Moshe Cohen (pseudonym) has been through it all.

In his old age, he could proudly tick off all the common ailments of humans. He had already treated his abnormal blood pressure and high cholesterol. He had even undergone one or two catheterizations and had visited the internal medicine department at Shaare Zedek Hospital several times. He had overcome all of these ailments, and he had overcome them all. The many medications he took every day were a thousand witnesses to the triumph of progress over the ailments of the past. His busy schedule left him no room for complaints, and he absorbed everything with love.

But the leg pain that attacked him many years ago never gave him any rest. At first he felt a tingling sensation, like a kind of numbness, and slowly his legs began to really hurt. The pain was bearable at first, he dragged himself from place to place, and added paracetamol and Nurofen pills and other painkillers to his daily medication basket on an hourly basis.

But recently, the leg pain began to become more and more dominant and really interfere with his life.

The pain was excruciating, bothersome, and prevented him from living – literally. He had difficulty walking, he felt the pain even when sitting, and it would wake him up in the middle of the night. His hands would hit his aching muscles hard almost constantly. The hit on the muscles, he thought, would slightly reduce the unbearable pain in his legs. But nothing helped, the hit added pain to his pain, and the grief was unbearable.

In his distress, he turned to the most senior doctors, who for their part did the most comprehensive tests possible, but none of them found anything. He was referred to other doctors, to vegans, to energy healers, and he also received acupressure, but nothing helped.

""If there is no disease," a wise doctor once told him, "then there is no cure.".

There may not have been any illness, but there was pain, oh, how much there was.

One day, his daughter approaches him and tells him about a very senior doctor who specializes in chronic pain, who is coming to Israel for a very short period of time. The cost of a visit to the specialist is astronomical, but Moshe's pain was so severe that no amount of money was significant compared to it.

She made him an urgent appointment to see the specialist, and he, in turn, did all the necessary tests: he checked his blood type, tried to rule out dangerous diseases, but he too, ultimately found no cause for his annoying leg pain.

""You'll probably have to live with the pain," he told him at the end of the examination, and Moshe broke into pieces.

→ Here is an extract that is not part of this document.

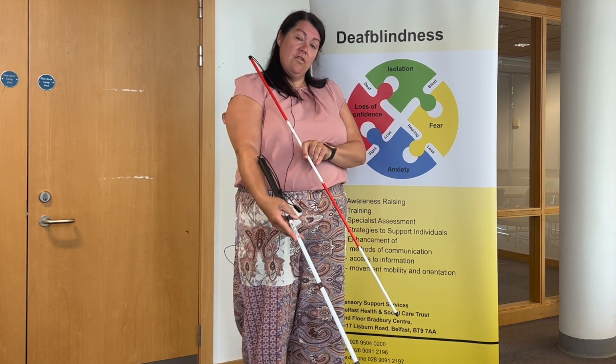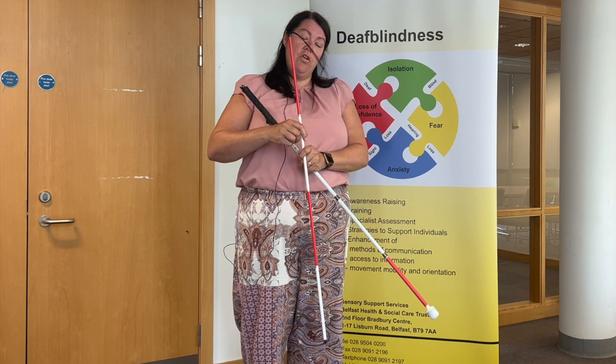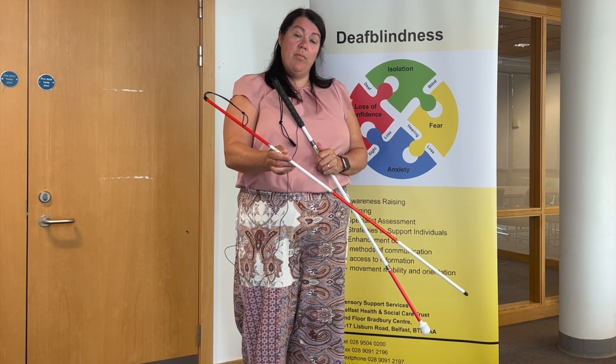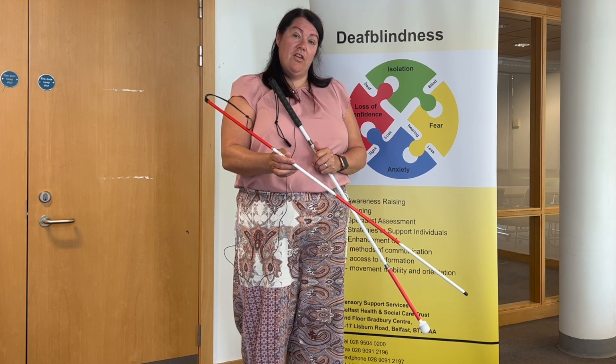Canes can be used to touch the ground, or they can be used in the form of a simple cane just to let people know what the person's difficulty is.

This was the exact moment when everyone realized that there was one doctor in the world, a doctor of all flesh, to whom one could turn, and only in his hands had the power to help and heal. It was not that Moses and his family did not shed tears like water and tear the gates of heaven in prayer, but they always hoped and expected a doctor who would help and find the cause of the root of the pain.

But now, as soon as even the greatest of doctors gave up, prayer to the Creator of the world became a 'prayer for the poor,' meaning we have nothing – only you. And such a prayer, as we know, is guaranteed to be answered.

The prayer was warm, from the root of the soul. Moses shed tears like water and silently begged the Creator of the world to save him from his torment.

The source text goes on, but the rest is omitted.